INFORMATION SHOWN:
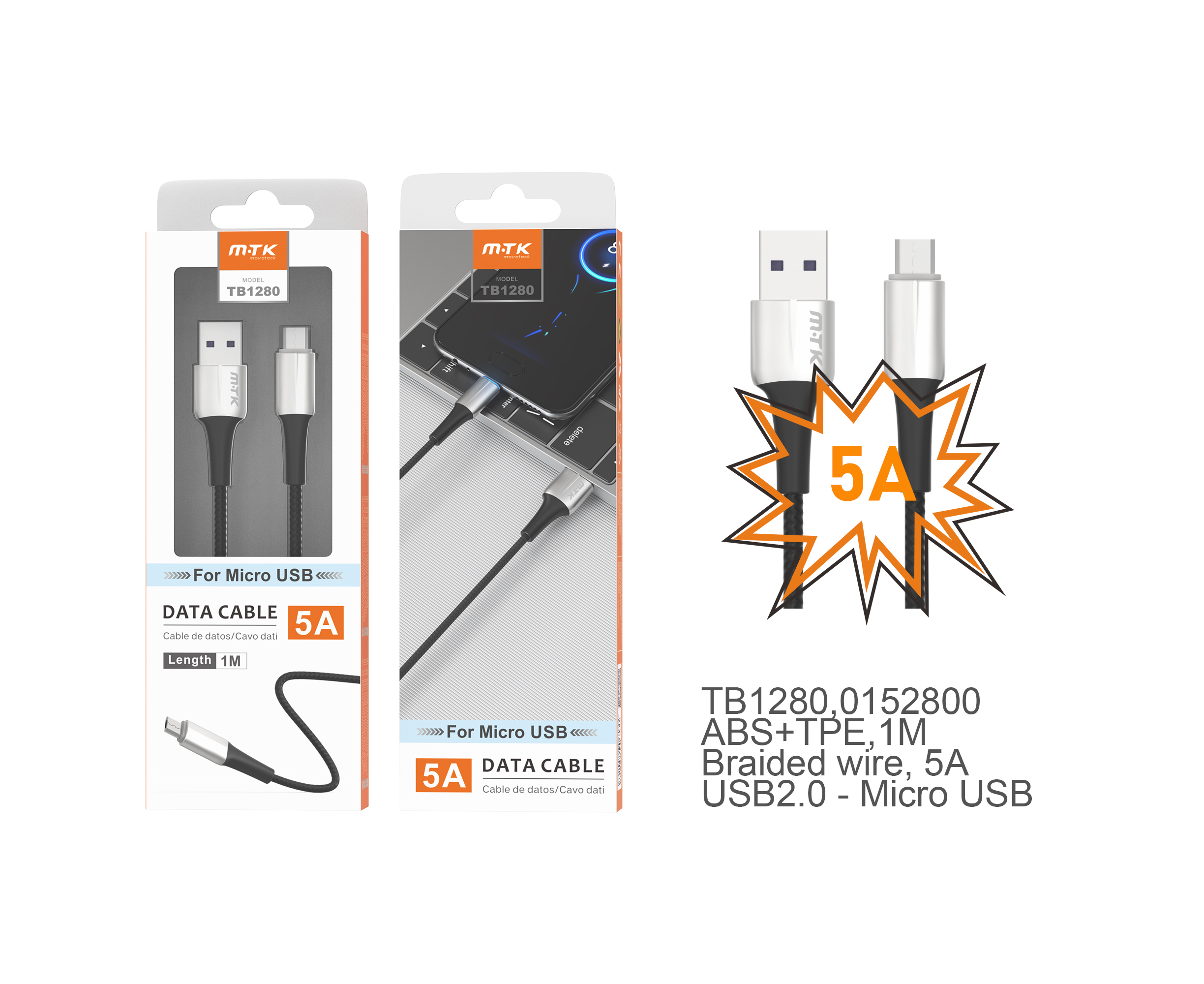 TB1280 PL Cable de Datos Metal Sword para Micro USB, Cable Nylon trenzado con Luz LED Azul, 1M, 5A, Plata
* * *
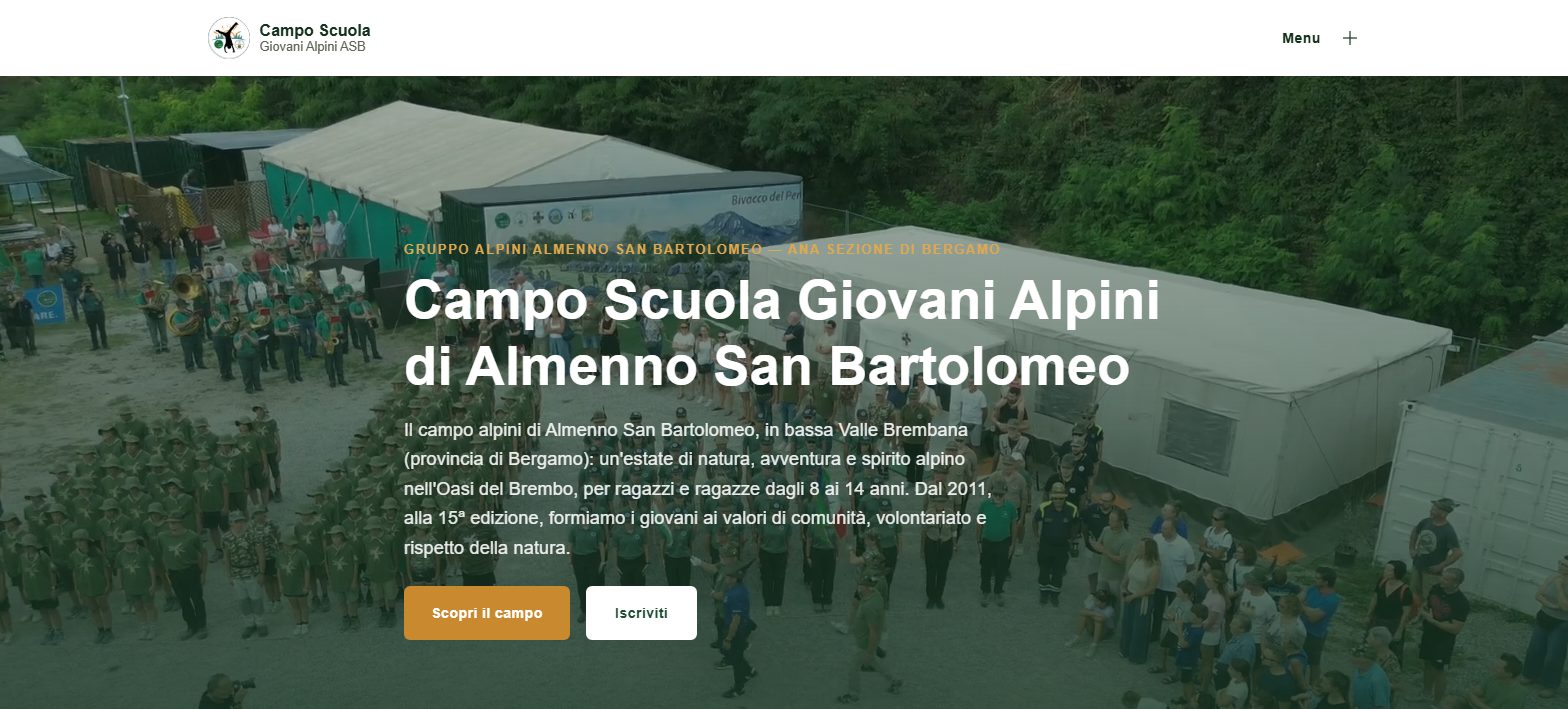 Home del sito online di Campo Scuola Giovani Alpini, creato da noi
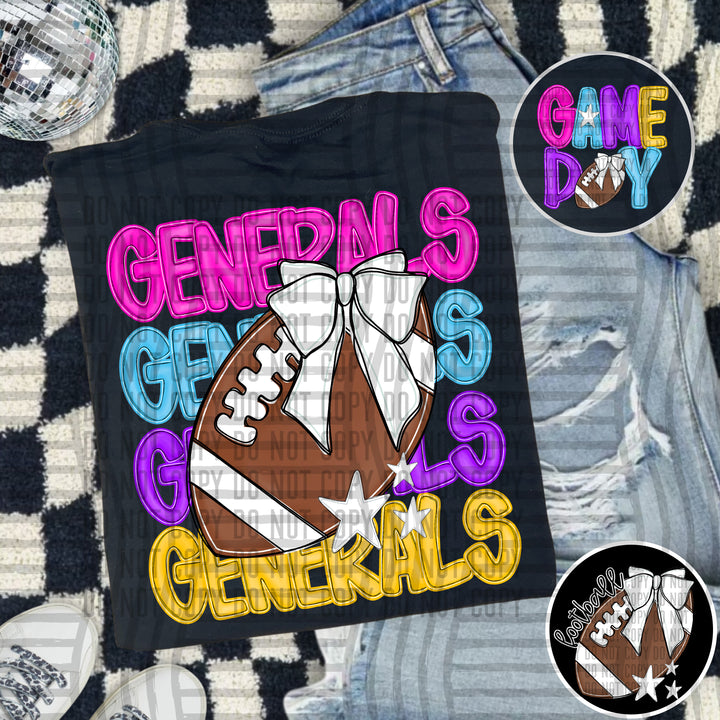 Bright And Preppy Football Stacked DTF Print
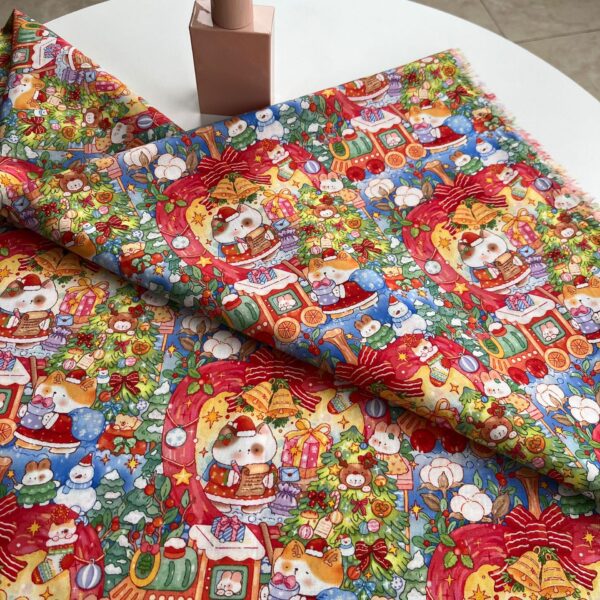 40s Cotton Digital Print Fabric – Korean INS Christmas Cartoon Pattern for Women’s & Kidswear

PROBLEM:
Look above for the line containing "Home del sito", then copy exactly from it through the line containing "40s Cotton Digital", keeping both and leaving out pictures. Add nothing else.

RESPONSE TO THE TASK:
 Home del sito online di Campo Scuola Giovani Alpini, creato da noi
 Bright And Preppy Football Stacked DTF Print
 40s Cotton Digital Print Fabric – Korean INS Christmas Cartoon Pattern for Women’s & Kidswear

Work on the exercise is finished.